NON CI SONO PROVE concrete che indicano un preciso piano di Federico II nell’assetto del Regno nel periodo compreso tra il 1220, data dell’incoronazione a Roma, e il 1225. Tuttavia, a partire dal luglio di quell’anno, sembra emergere un maggiore interesse del sovrano nei confronti del Regno italico, come parte di un progetto più ampio per la penisola. Le discussioni riguardanti il progetto federiciano sono ancora aperte e diverse possibilità sono state prese in considerazione. Voleva abolire completamente i privilegi usurpati post 1183? O voleva spingersi anche oltre?

Certo è che dopo il 1225 cominciò una nuova fase dello scontro, che si sarebbe protratta fino alla scomparsa dell’imperatore, nel 1250. A questi anni Paolo Grillo dedica Federico II. La guerra, le città e l’impero (Mondadori, pp. 336 pp., 24 euro). Biografie del grande imperatore ce ne sono parecchie, tuttavia, la ragione per questo nuovo volume è l’assenza di attenzione nella tradizione storiografica federiciana proprio verso i dettagli della sua politica italiana. Grillo prende in considerazione soprattutto gli anni dal 1236 al 1250, densi di trionfi e sconfitte da entrambe le parti, ma che per Federico II significarono dover drenare le risorse del suo regno italo-meridionale, che finì per fare le spese della sua politica. All’origine lo scontro fra concezioni del potere troppo diverse: quella imperiale e quella dei comuni, con l’incapacità dello svevo di leggere gli scenari italiani del tempo.

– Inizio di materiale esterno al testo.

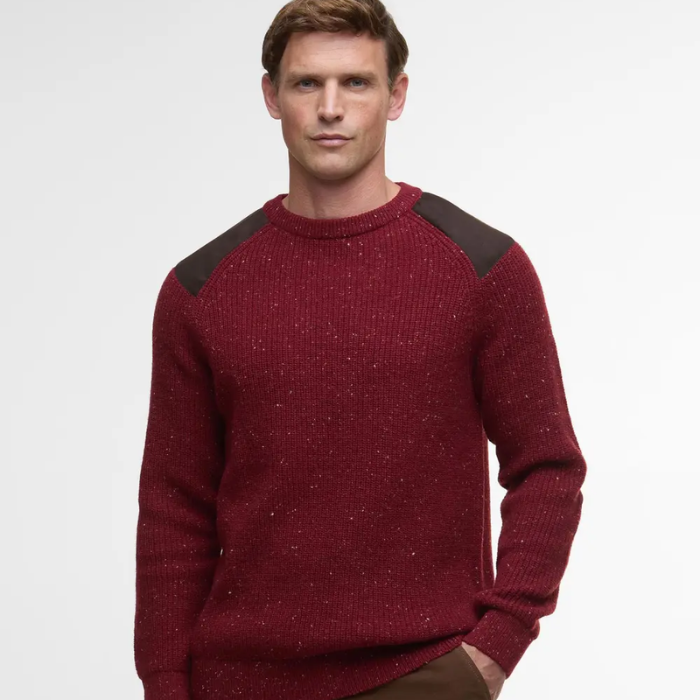 Man wearing a red Barbour jumper with dark shoulder panels on a light gray background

IL LIBRO RESTITUISCE la complessità della figura di Federico II, da una parte legato a una concezione universalistica e sacrale dell’Impero ormai al tramonto, e allo stesso tempo aperto in modo singolare alla cultura, alla scienza e all’arte. Aperto però anche all’ideologizzazione del conflitto grazie alla costruzione della propaganda anti-comunale messa in piedi dalla sua cancelleria, con la quale i nemici politici divenivano eretici. Peraltro, il papato, durante la fase dell’alleanza con i comuni, adotterà lo stesso atteggiamento nei confronti dell’imperatore. Il libro riempie dunque un vuoto grazie a una conoscenza approfondita delle fonti, che tuttavia riesce a mettere da parte l’erudizione per adottare uno stile narrativo avvolgente.